The order claims, "countless children soon regret that they have been mutilated and begin to grasp the horrifying tragedy that they will never be able to conceive children of their own or nurture their children through breastfeeding," and, moreover, "these vulnerable youths' medical bills may rise throughout their lifetimes, as they are often trapped with lifelong medical complications, a losing war with their own bodies, and, tragically, sterilization."
It adds that the U.S. "will not fund, sponsor, promote, assist, or support the so-called 'transition' of a child from one sex to another, and it will rigorously enforce all laws that prohibit or limit these destructive and life-altering procedures."
Ben Takai, the board president of Metro DC PFLAG, which is involved in the lawsuit challenging Trump's order, told the Post the change at Children's National was sad, adding that "there are many ways to bully minority populations."
Children's National asserts on its gender development program's web page that "some young people feel, sense or know they are a gender different than the one they were assumed at birth."
"They may live and dress in ways typical of another gender (gender non-conformity), and some may experience the need to live and be affirmed as this gender in some or all settings," the hospital says. "This can be an urgent need, or for others, there may be experimentation and exploration. There are also some young people who show gender non-conformity in their everyday behaviors, but may not yet have the self-advocacy skills to discuss their gender identity and their gender-related needs."
The hospital website says parental consent is required to provide "gender-affirming medical care" to a minor in the District of Columbia. The hospital also says it does not provide "gender-affirming surgery" for anyone under the age of 18 and does not provide hormone therapy to children before puberty begins.

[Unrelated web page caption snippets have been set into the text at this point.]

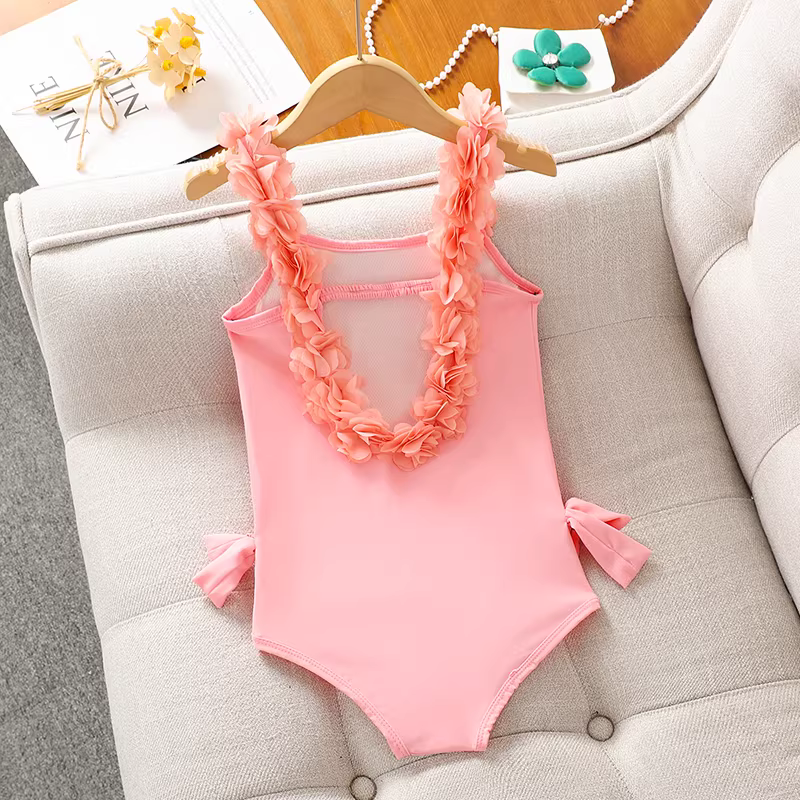 Đồ bơi liền thân mùa hè cho bé gái lớn tuổi kiểu mới 2025, kiểu dây lưng trần, nhanh khô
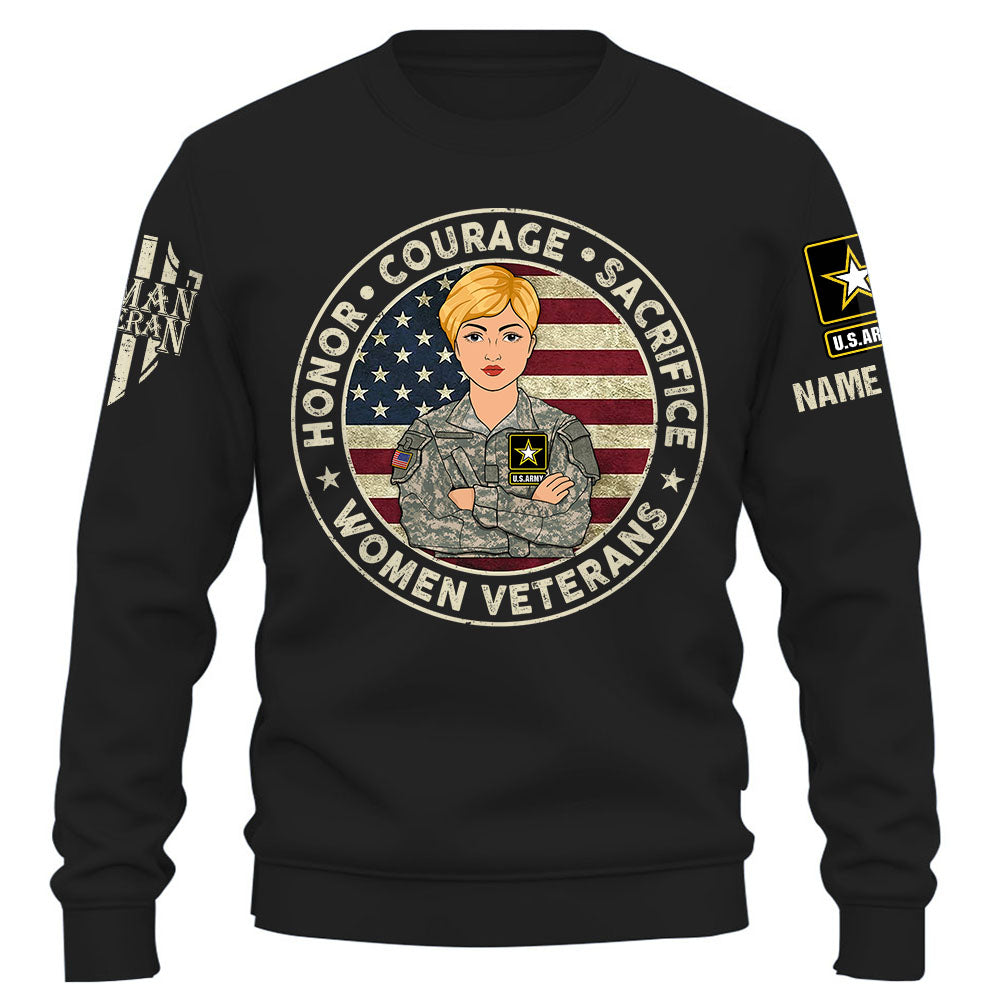 Honor Courage Sacrifice Women Veterans Personalized Shirt For Women Veterans K1702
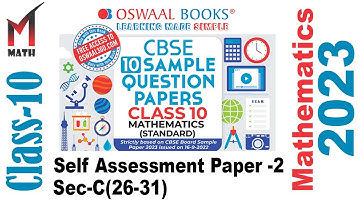 Oswaal Sample Paper Maths Standard Class 10 CBSE I Self Assessment Paper -2 (Sec-C)_26-31, 2023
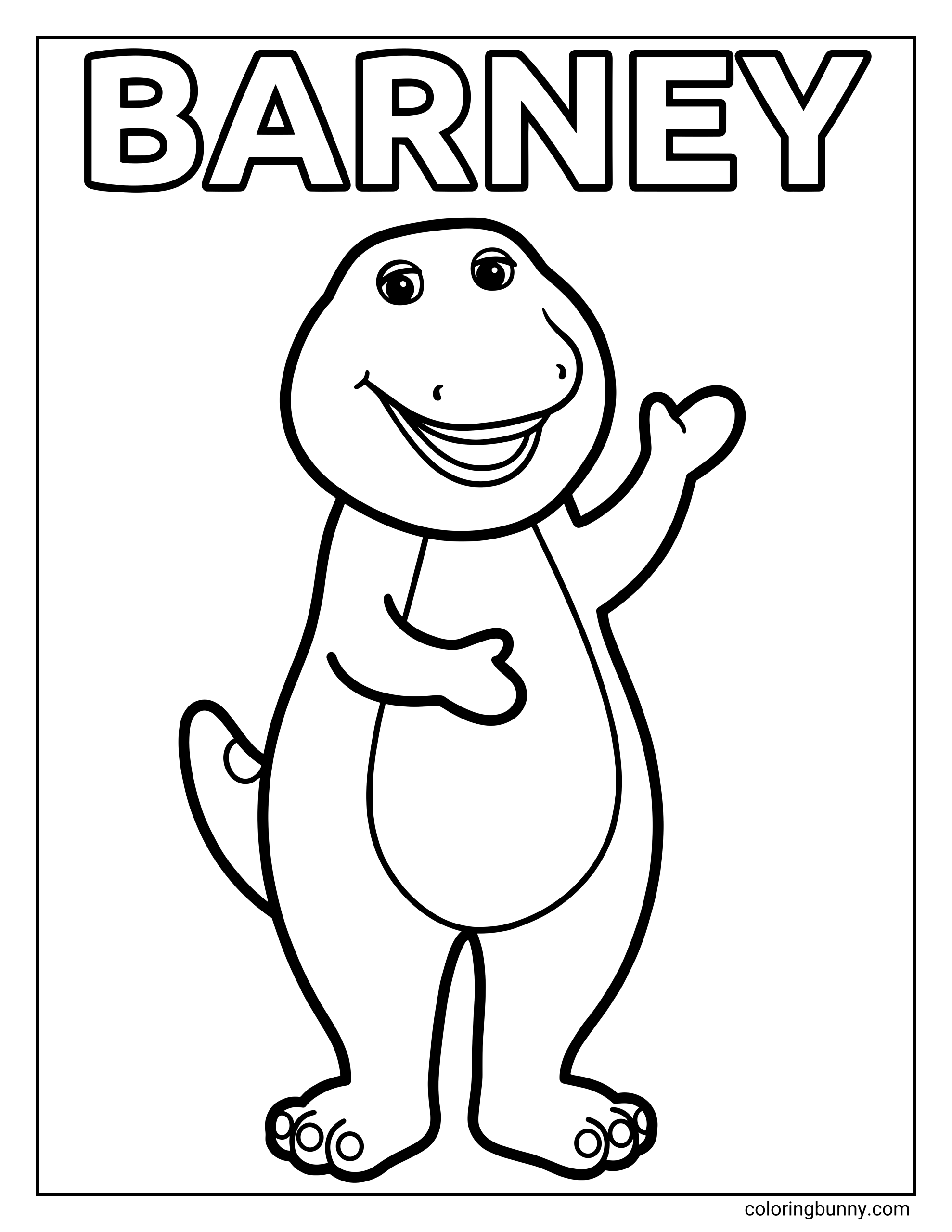 A simple Barney the Purple Dinosaur coloring page showing a friendly, smiling Barney dinosaur character standing upright and waving, with bold outlines and the word “BARNEY” written at the top.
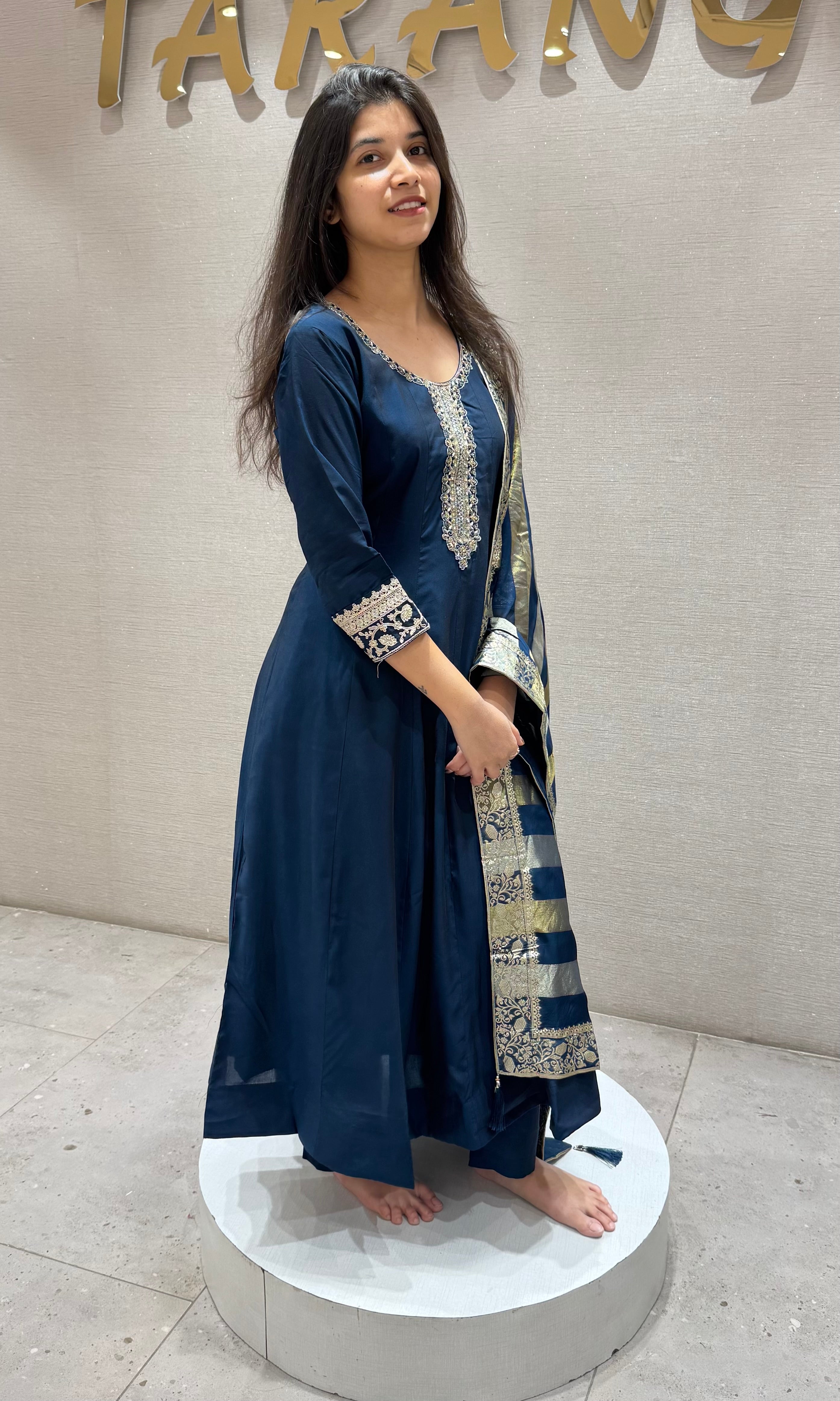 Regal Navy Blue Embroidered Anarkali Set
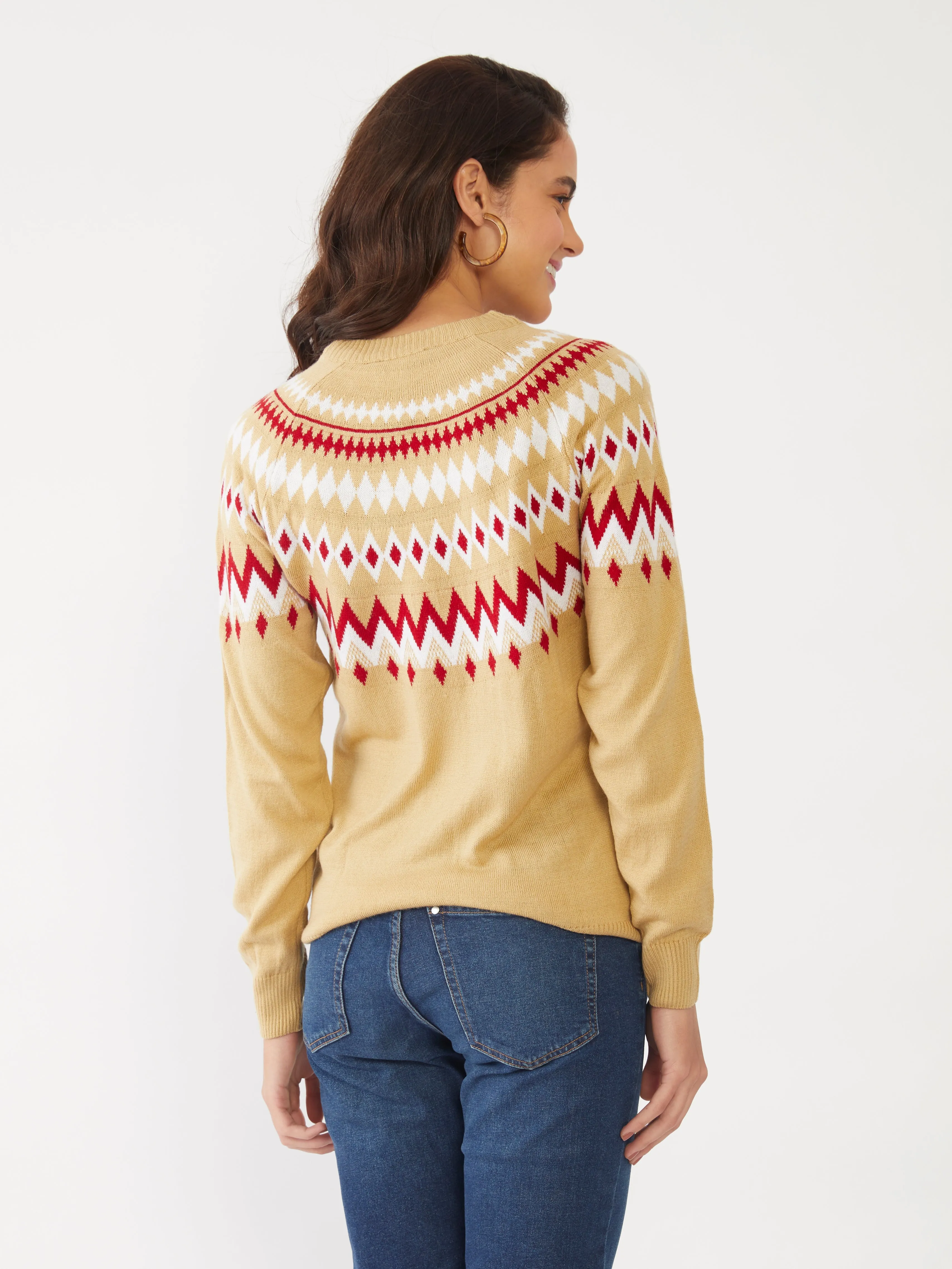 Beige Jacquard Sweater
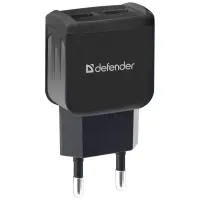 Зарядний пристрій Defender EPA-13 black, 2xUSB, 5V/2.1A, package (83840) - 1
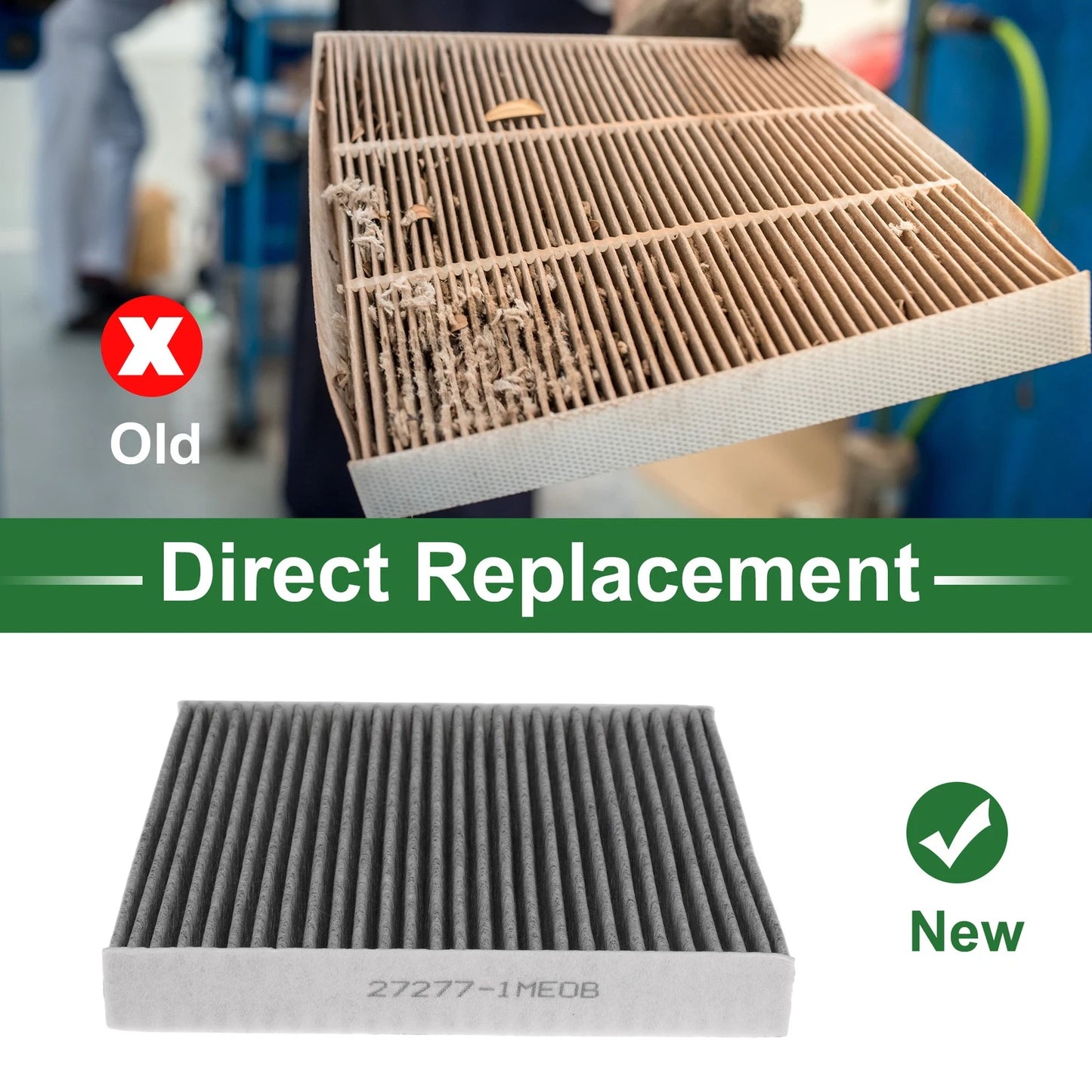 Cabin Air Filter for Infiniti M35h (2012–2013) No.272771ME0B Cloth Activated Carbon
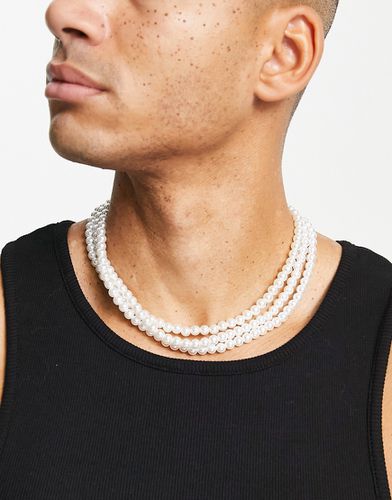 Collier multi-rangs orné de perles fantaisie - Asos Design - Modalova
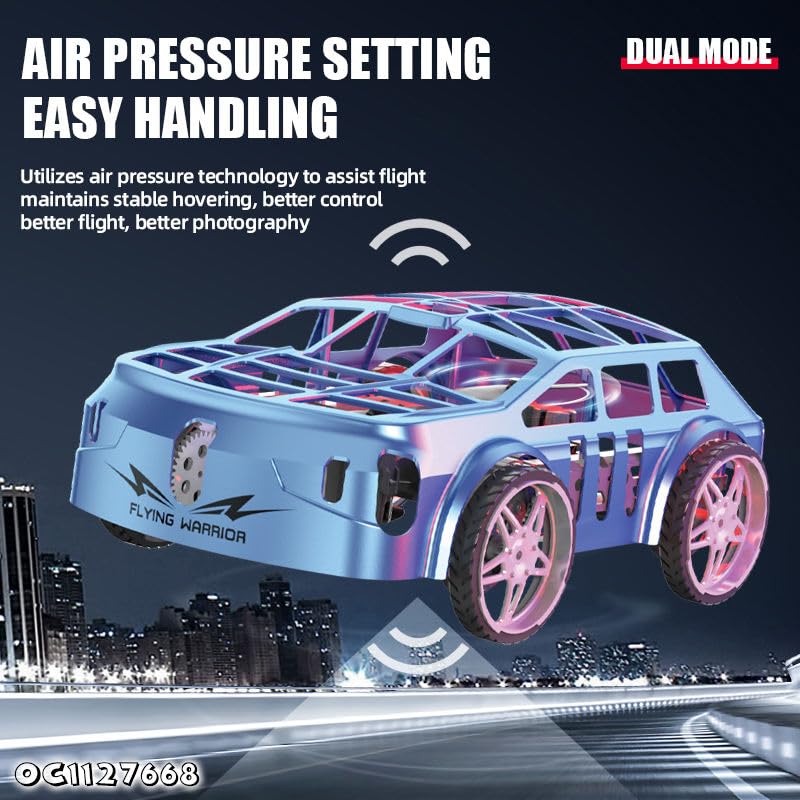 Image of Cable World 2-in-1 Flying Car Drone Toy for Kids with Remote Control, Air & Land Dual Mode RC Car, LED Lights, Headless Mode, One Key Take Off /Landing, Rechargeable Stunt Toy Gift for Boys & Girls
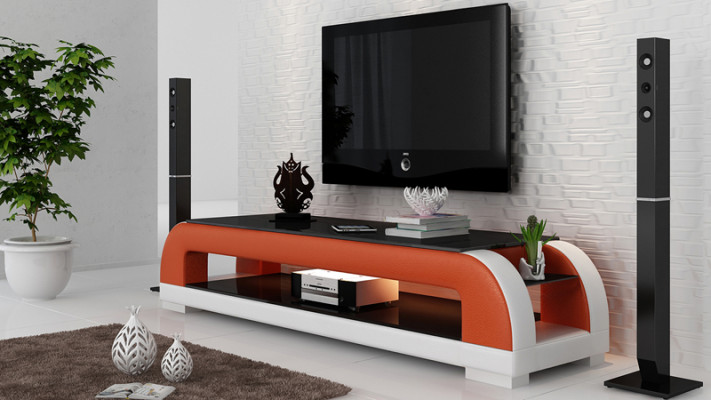 Meuble TV Commode TV Décor Cuir Table en Verre Table TV Armoire TV Designer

The U.S. Department of Health and Human Services in May released a report framing gender transition treatments for minors as risky and insufficiently studied. To treat pediatric gender dysphoria, it recommends replacing most medical interventions with "exploratory therapy." The report says that the "gender-affirming" model of care "includes irreversible endocrine and surgical interventions on minors with no physical pathology."
"These interventions carry risk of significant harms including infertility/sterility, sexual dysfunction, impaired bone density accrual, adverse cognitive impacts, cardiovascular disease and metabolic disorders, psychiatric disorders, surgical complications, and regret," according to HHS. "Meanwhile, systematic reviews of the evidence have revealed deep uncertainty about the purported benefits of these interventions."
The report notes that the United Kingdom in December 2024 indefinitely banned puberty blockers for children with gender dysphoria. Meanwhile, amid pressure from the Trump administration, the Center for Transyouth Health and Development at Children's Hospital Los Angeles, considered the largest public provider of "gender-affirming care" for children and teens in the U.S., announced earlier this month that it was closing by July 22.